Cllr David Elderton asked a question about heights and whether they could condition the housing planning application to reduce heights to not exceed more than two stories? Matthew Parry Davies replied that these would be considered at the reserved matters stage of any application. Cllr Denise Realey said that she lived near to Tranmere Rovers Football Club’s football ground (Prenton Park), she had heard councillors on the radio talking about it and what would be done with the money from the sale. She pointed out the five-mile distance from Birkenhead to Leasowe and didn’t think the benefits outweighed the problems.

Matthew Parry Davies replied that the National Planning Policy Framework didn’t require replacement facilities to be in the same ward or locality but just within the Borough. The section 106 agreement would make sure money from the sale of the land would be placed into an account solely for the provision of a new training ground. He then answered a question about the Leasowe site and its public transport links.

Cllr Stuart Kelly stated that it was a departure to the development plan and ought to be refused unless the circumstances outweighed the loss. He referred to the loss off the recreation ground and the heritage issues. Cllr Kelly referred to the intentions of those that built the pavilion to provide sporting facilities for young people in Birkenhead. He didn’t think that having a training ground in Leasowe was a suitable replacement. Cllr Kelly wanted a replacement in Birkenhead and referred the loss of open recreation land in Leasowe and traffic issues.

Cllr Christine Spriggs talked about the passions and emotions about these applications. She suggested that Tranmere Rovers Football Club had a real and meaningful dialogue with Birkenhead Institute Old Boys. Cllr Spriggs went on to refer to the housing built on the former site of the Birkenhead Institute School.

The Chair asked a question about the fencing, to which the reply was that the five metre fence was to prevent balls leaving the training ground. Cllr Kelly also referred to the fence and asked if they could demonstrate special circumstances for the development? Cllr Daniel referred to the issue of social housing and was told that the viability assessment for social housing had been revised but that social housing wasn’t viable at the moment. The section 106 agreement would include a contribution to affordable housing if land values changed.

Cllr Brightmore asked if it was permitted development in the greenbelt? An officer replied that as it was for recreation or sport that this was an acceptable and appropriate use of the greenbelt.

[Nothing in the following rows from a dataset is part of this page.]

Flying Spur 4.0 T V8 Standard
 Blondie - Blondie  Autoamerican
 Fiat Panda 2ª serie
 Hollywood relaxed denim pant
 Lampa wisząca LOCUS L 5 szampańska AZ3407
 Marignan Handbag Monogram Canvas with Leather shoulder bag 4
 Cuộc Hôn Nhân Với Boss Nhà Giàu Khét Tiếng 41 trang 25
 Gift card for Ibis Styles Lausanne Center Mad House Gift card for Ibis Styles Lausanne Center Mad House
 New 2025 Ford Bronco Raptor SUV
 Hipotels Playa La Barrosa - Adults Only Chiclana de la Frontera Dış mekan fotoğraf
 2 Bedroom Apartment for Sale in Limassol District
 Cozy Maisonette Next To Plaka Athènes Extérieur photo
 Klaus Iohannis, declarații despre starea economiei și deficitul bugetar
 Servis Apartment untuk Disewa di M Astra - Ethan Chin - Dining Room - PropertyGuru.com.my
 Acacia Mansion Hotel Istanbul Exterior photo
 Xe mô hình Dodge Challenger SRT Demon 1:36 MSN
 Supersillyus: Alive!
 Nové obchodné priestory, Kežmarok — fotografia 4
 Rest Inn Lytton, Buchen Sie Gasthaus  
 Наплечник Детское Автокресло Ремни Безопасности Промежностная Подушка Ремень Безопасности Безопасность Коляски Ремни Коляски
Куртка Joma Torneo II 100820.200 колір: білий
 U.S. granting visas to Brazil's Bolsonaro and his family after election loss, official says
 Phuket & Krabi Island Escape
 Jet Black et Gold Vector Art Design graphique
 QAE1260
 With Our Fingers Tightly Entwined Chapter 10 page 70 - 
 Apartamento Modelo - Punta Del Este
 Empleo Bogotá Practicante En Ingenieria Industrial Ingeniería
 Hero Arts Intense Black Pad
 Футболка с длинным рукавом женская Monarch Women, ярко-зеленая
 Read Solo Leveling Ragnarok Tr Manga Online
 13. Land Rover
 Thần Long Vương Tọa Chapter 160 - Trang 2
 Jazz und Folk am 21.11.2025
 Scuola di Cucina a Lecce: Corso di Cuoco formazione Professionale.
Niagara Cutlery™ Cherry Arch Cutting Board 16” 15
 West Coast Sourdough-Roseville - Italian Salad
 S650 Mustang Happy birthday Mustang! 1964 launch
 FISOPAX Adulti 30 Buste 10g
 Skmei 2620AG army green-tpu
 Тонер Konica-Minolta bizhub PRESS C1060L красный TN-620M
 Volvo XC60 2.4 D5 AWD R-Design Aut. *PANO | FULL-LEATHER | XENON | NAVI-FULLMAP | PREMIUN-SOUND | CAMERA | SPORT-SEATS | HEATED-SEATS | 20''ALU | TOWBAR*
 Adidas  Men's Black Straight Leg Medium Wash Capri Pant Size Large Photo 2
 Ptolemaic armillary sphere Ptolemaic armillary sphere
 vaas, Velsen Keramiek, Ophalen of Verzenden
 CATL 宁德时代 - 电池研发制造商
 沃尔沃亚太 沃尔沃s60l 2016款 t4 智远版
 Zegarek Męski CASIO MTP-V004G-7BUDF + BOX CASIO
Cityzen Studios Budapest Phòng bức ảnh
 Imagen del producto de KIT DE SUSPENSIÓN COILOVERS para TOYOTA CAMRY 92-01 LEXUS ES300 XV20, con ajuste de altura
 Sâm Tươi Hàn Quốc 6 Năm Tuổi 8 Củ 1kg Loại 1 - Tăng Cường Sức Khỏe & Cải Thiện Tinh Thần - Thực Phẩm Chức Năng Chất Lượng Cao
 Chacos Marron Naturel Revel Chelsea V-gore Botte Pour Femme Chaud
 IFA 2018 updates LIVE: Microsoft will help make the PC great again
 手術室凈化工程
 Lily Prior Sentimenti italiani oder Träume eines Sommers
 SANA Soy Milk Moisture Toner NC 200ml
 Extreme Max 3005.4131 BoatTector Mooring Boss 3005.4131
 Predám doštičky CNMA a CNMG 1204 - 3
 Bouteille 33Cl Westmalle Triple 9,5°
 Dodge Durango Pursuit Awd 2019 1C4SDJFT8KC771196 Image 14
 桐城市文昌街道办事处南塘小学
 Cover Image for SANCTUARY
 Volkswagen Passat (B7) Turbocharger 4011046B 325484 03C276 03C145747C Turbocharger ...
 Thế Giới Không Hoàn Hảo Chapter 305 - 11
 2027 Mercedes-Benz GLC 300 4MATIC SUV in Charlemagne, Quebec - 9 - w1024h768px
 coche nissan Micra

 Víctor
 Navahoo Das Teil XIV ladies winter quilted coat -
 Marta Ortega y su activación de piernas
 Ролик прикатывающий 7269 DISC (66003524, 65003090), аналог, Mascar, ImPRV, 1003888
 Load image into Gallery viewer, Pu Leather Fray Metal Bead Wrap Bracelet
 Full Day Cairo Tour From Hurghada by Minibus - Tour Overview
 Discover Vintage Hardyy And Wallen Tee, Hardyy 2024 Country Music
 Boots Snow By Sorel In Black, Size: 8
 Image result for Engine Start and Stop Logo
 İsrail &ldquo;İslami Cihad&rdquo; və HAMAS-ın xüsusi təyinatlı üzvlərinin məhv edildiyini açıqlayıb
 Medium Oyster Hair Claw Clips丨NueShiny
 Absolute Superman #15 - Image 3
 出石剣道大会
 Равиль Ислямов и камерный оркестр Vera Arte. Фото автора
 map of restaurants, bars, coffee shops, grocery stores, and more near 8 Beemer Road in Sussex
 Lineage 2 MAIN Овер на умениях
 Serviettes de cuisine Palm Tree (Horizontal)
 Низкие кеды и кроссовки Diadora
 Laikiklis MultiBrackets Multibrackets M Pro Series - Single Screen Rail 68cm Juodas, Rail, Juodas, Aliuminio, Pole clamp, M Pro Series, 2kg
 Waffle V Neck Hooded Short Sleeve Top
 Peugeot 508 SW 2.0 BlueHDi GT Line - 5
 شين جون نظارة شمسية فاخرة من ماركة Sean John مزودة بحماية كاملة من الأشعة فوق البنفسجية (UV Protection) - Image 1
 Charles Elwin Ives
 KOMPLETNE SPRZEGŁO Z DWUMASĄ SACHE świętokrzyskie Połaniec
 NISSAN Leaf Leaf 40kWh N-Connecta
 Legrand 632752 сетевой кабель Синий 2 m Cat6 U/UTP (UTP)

The first vote was on agenda item 5 (the Solar Campus, Leasowe application). Cllr Kelly asked why they were having that vote first? Rosemary Lyons, legal adviser to the Planning Committee stated that they were dealing with item 5 first to enable them to make a reasoned decision on item 4 as the two were linked.

Cllr Kathryn Hodson proposed approval of item 5, seconded by Cllr Matt Daniel. Eight councillors voted for, five against so the application was approved.

Cllr Stuart Kelly moved refusal of item four because it was contrary to the Unitary Development Plan and under policy RE6 failed to demonstrate an adequate replacement provision regarding the location. Cllr Denise Realey seconded this.

More councillors voted against refusal then for approval (Cllr Christine Spriggs abstained).

Cllr Kathy Hodson moved approval, seconded by Cllr David Elderton. As before eight councillors voted for and five against. So both linked planning applications were approved by an 8:5 vote.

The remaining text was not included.